Greater Anglia, the train operator, is telling passengers: “As a result of the extreme conditions forecast for Tuesday and Wednesday, Network Rail is concentrating on keeping main routes operating – Norwich to London, Southend to London, Norwich to Cambridge and Cambridge/Stansted to London.”
The train operator is planning an early finish tonight and a late start on Wednesday, with many fewer trains – and those that are running will be slower.
“There will be no services on rural routes: Norwich to Lowestoft, Great Yarmouth and Sheringham, and Ipswich to Felixstowe and Lowestoft. There will be no rail replacement bus service on these routes either,” Greater Anglia added.
Half a mile away, Fenchurch Street station was even quieter, with the train operator c2c urging travellers on the line to Southend and Shoeburyness “not to travel where possible”.
Great Northern cancelled its express trains between King’s Cross, Cambridge and Ely, and has warned of an early close-down of services north of Royston in Hertford.
Passengers in Sussex experienced problems travelling from Hastings and Uckfield, but in Kent Southeastern reinstated many trains that had been initially been cancelled overnight.
Rick Methven, who moved from the UK to Linköping in southern Sweden 15 years ago, told The Independent: “I am continuously amused by the pathetic fear of a bit of snow in the UK. Here in Sweden it has been below freezing since end of January, today -12, wind chill -18 yet no transport disruption.”
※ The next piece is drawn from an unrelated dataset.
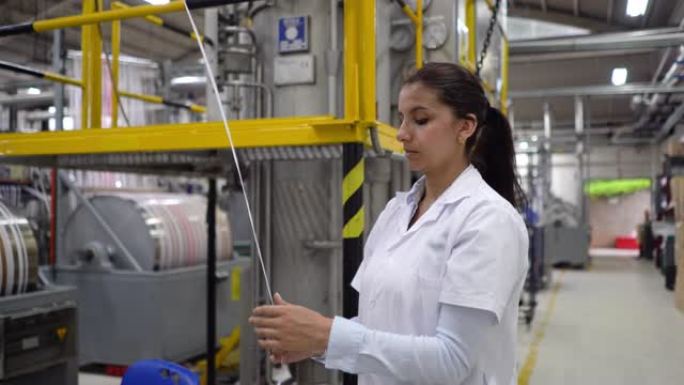 妇女在橡胶厂的一个车站检查胶带的生产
A Network Rail spokesperson said: “Our priorities are always to keep passengers safe and to run the best service we can. Last night the rail industry took pre-emptive action based on the best weather forecasting available, forecasts that in the past, have proved to be highly accurate.”
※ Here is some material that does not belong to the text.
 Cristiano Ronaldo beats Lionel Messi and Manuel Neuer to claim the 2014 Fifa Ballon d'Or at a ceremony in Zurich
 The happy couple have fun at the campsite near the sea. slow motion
Nearly 100 flights were grounded in and out of Heathrow airport, as airlines trimmed their schedules to create “firebreaks” in a bid to avoid short-notice cancellation. British Airways cancelled 80 domestic and European services, including multiple services to and from Edinburgh, Manchester, Berlin and Milan.
Aer Lingus, Lufthansa and Swiss cancelled single round trips to their hubs at Dublin, Frankfurt and Zurich respectively.
Naples airport was closed for most of the morning because of snow. Services to and from Gatwick, Stansted and Manchester were cancelled or severely delayed.